DAG Minimum Path Cover in O(nlogn)?

Question

The following problem was asked in the recent October 20-20 Hack on Hackerrank :

Evil Nation A is angry and plans to launch N guided-missiles at the peaceful Nation B in an attempt to wipe out all of Nation B’s people. Nation A’s missile i will arrive in nation B at the time ti. Missile i communicates with its headquarters by unique radio signals with a frequency equal to fi.
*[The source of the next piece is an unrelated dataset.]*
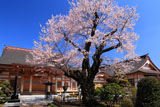 天応院の桜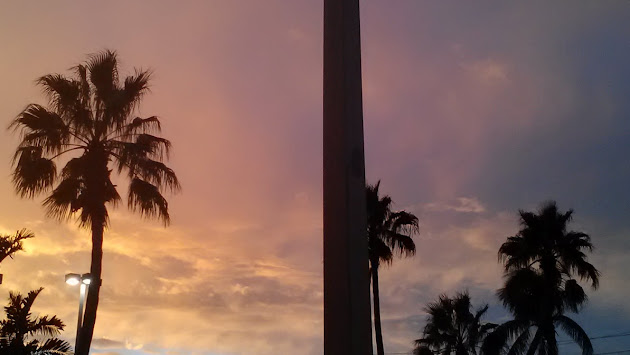 Cover photo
Can you help the peaceful Nation B survive by building a defensive system that will stop the missiles dead in the sky?

Defensive system:

The only way to defend Nation B from the attacking missile is by counter attacking them with a hackerX missile. You have a lot of hackerX missiles and each one of them has its own radio frequency. An individual hackerX missile can destroy Evil Nation A’s attacking missile if the radio frequency of both of the missiles match. Each hackerX missile can be used an indefinite number of times. Its invincible and doesn’t get destroyed in the collision.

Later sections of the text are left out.